Richmond City Councilmember Claudia Jimenez, speaking to ABC7 News, said city staff observed sugar stored on the ground at the site. "Sugar, which is a food product, is being dumped here next to coal and petroleum products," she said, adding that uncovered coal piles at the terminal create potential cross-contamination risk on windy days. The city contacted the Contra Costa County Health Department to investigate. As of July 9 no official findings or public statements from the health department had been issued, and C&H Sugar's parent, ASR Group, had not publicly addressed the specific storage conditions at Levin.

C&H told ABC7 in a general statement: "In terms of quality, there is no difference in using this terminal instead of ours. Raw sugar is not food grade until" processed — a qualifier the company relied on to dismiss the concerns, but one that doesn't settle what happens to raw sugar that absorbs coal dust before it reaches the refinery.

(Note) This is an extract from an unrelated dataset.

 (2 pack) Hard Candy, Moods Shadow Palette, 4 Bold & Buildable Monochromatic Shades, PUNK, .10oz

The underlying strike is the first at the Crockett facility since 2003 — and the core fight is a familiar one. C&H, owned by ASR Group (approximately $1.6 billion in 2025 revenue, per ILWU.org), proposed eliminating retiree healthcare for roughly 100 retired and pre-2008 workers nearing retirement, shifting overtime calculations from a daily 8-hour threshold to a weekly 40-hour threshold — which the union says could cut some workers' pay by up to 50% — and reducing paid sick leave from 10 to 5 days annually. The company's offer included a 2% signing bonus and a claimed 20% wage increase over five years.

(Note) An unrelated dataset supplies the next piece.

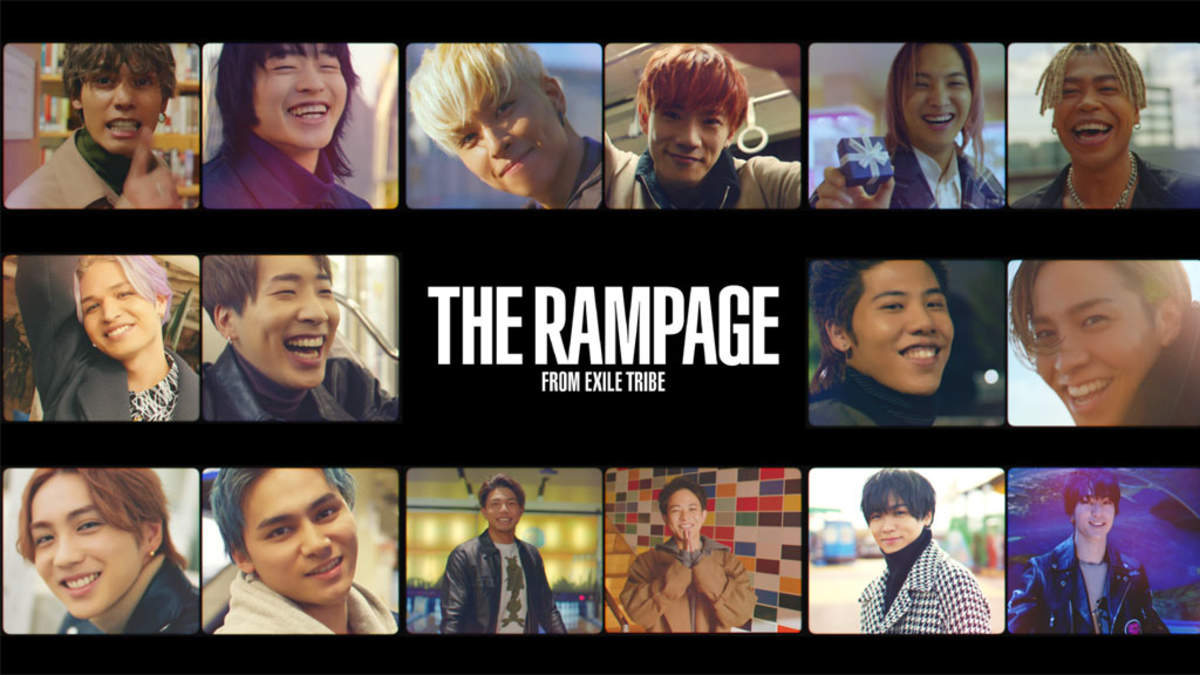 The Rampage メンバー別16バージョンの My Prayer Mv公開 Barks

ILWU Local 6 Secretary-Treasurer Jose Nunez offered the union's bottom line: "We are out on strike until C&H Sugar agrees to come back to the bargaining table to negotiate in good faith," per ILWU.org. ASR Group VP of Corporate Relations Peter C. O'Malley offered the standard counterpoint in a statement to the Vallejo Sun — "an open and constructive dialogue" toward "long-term sustainability" — while the company hired replacement workers and General Manager Hitesh Modgil sent striking employees a letter offering a $1,000 return-to-work bonus.

On June 26, ILWU Local 6 filed unfair labor practice charges with NLRB Region 32 in Oakland, alleging bad-faith bargaining, premature impasse declaration, and unlawful termination of strikers; no hearing date has been set.

What remains open: whether the Contra Costa County Health Department finds actual contamination risk at Levin — the answer matters both for the sugar headed to grocery shelves and for whether C&H's workaround amounts to a reasonable business continuity move or something more adversarial. The NLRB investigation, the next round at the bargaining table, and the health department's findings are the three things to watch. In 2003, the Crockett workers struck to protect the same retiree benefits; that dispute ended in a settlement. Whether this one follows the same arc — or hardens before it resolves — is still to be determined.